Cream Of Cauliflower Soup - cooking recipe

Ingredients
    2 c. fresh cauliflowerets
    4 c. boiling water
    1/2 tsp. salt
    1 to 2 bouillon cubes (according to taste)
    1/4 c. margarine
    1/4 c. flour
    1/2 c. light cream or milk
    1/2 tsp. ground nutmeg
    1/3 tsp. ground black pepper
    parsley
    1/4 lb. American cheese, shredded (optional)
Preparation
    Cook cauliflowerets in boiling water and salt until tender, 5 to 8 minutes.
    Drain water from cauliflower into bowl.
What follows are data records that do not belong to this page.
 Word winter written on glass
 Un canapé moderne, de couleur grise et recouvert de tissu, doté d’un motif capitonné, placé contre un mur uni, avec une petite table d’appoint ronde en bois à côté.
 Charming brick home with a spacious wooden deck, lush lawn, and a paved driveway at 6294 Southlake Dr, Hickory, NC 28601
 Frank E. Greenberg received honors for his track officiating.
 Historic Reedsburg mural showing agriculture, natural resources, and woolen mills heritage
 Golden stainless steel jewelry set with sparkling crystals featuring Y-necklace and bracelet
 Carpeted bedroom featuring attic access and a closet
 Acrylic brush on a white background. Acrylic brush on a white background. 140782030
    Add bouillon cubes and mix well.
    Reserve cooked cauliflower.
    Melt margarine in 2-quart saucepan.
    Blend in flour.
    Remove from heat and stir in cauliflower water, cream or milk and cheese.
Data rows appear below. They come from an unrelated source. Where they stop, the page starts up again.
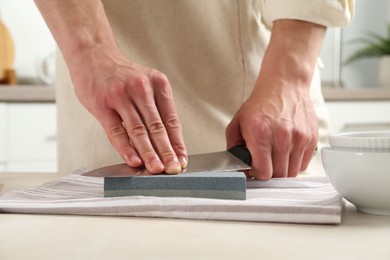 Photo of Man sharpening knife with sharpener at beige table indoors, closeup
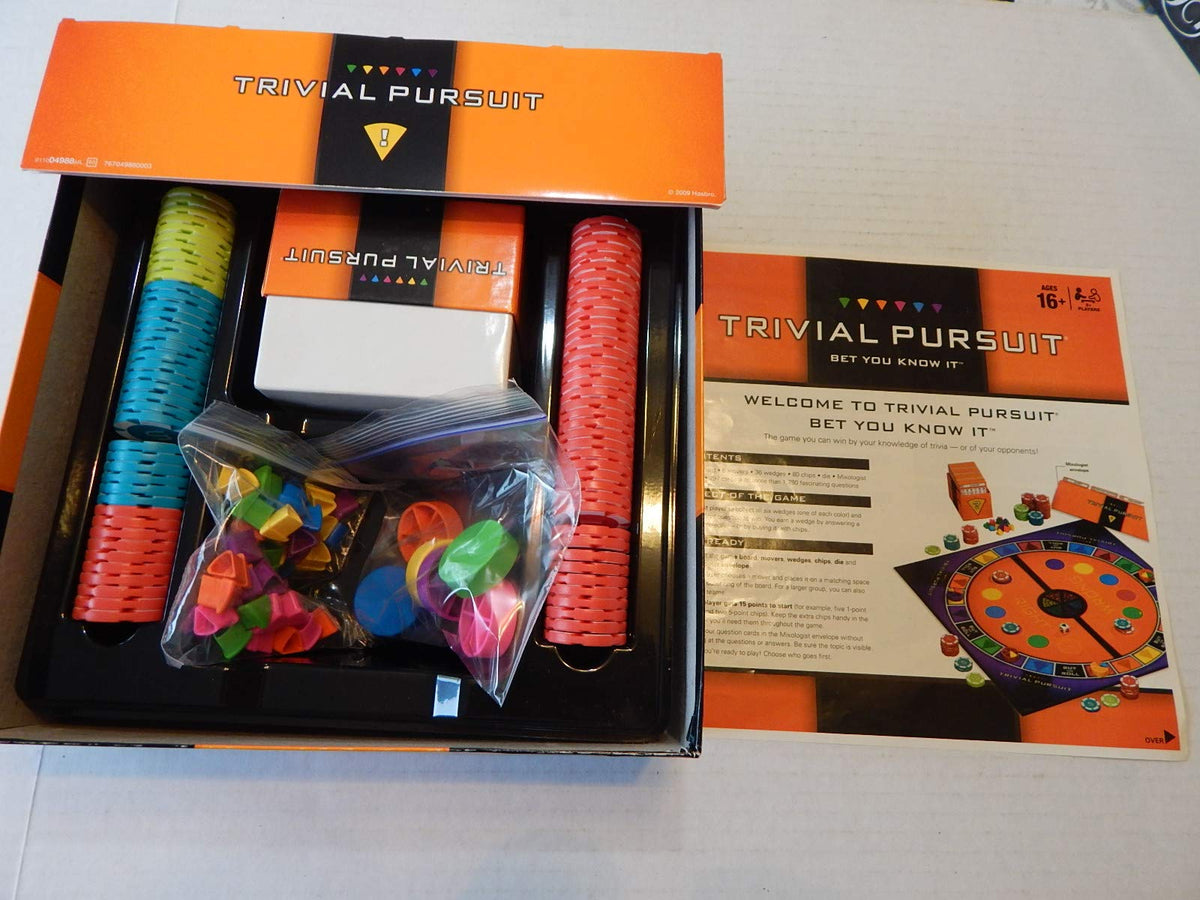 Open trivia game box with stacked chips, card box, bagged wedges and instruction sheet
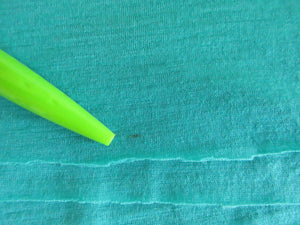 60cm Seafoam Green 87% merino 13% nylon corespun merino 150g 155cm- has a few tiny brown dots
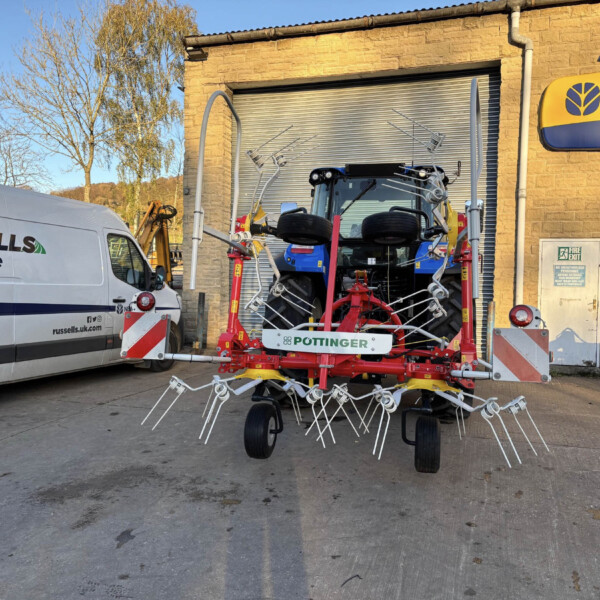 Industrial yard with red multi-row farming implement and a blue tractor, beside a Russells Agriculture van outside a brick building with a New Holland sign on the wall.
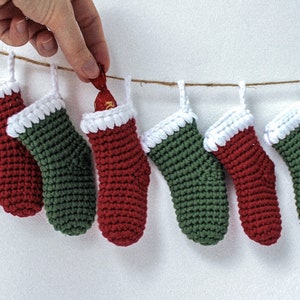 May include: A string of miniature crocheted stockings in red and green with white trim, hanging from a twine string. A hand is reaching into one of the stockings to retrieve a small chocolate bar.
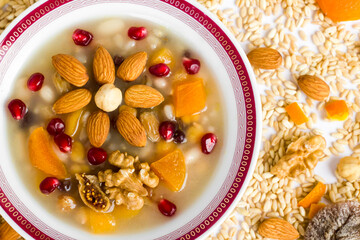 Traditional Turkish Dessert Ashure or Noah's Pudding in white bowl on ingredients of Ashure Dessert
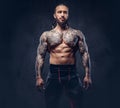 Portrait of a muscular naked bearded tattoed male with a stylish haircut in a sports trousers, isolated on a dark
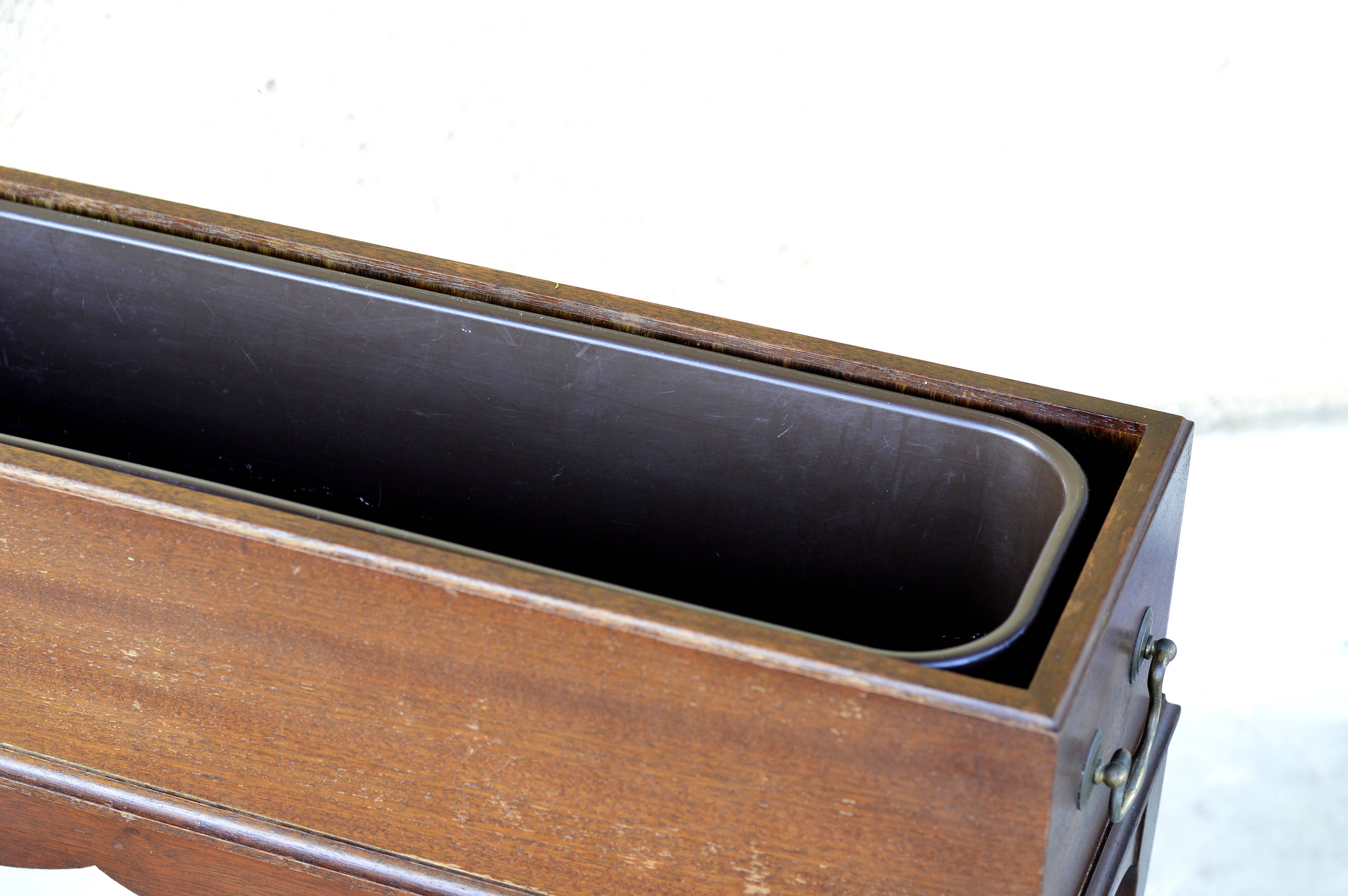 Elegant mid-century teak planter with tray.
    Add nutmeg and pepper.
    Stir and cook over medium heat for 4 to 5 minutes or until mixture begins to thicken.
    Add cooked cauliflowerets and heat 1 minute.
    Serve hot, garnished with chopped fresh parsley.
    Yield:
    6 servings.
    Can use broccoli and potatoes using dill for seasoning.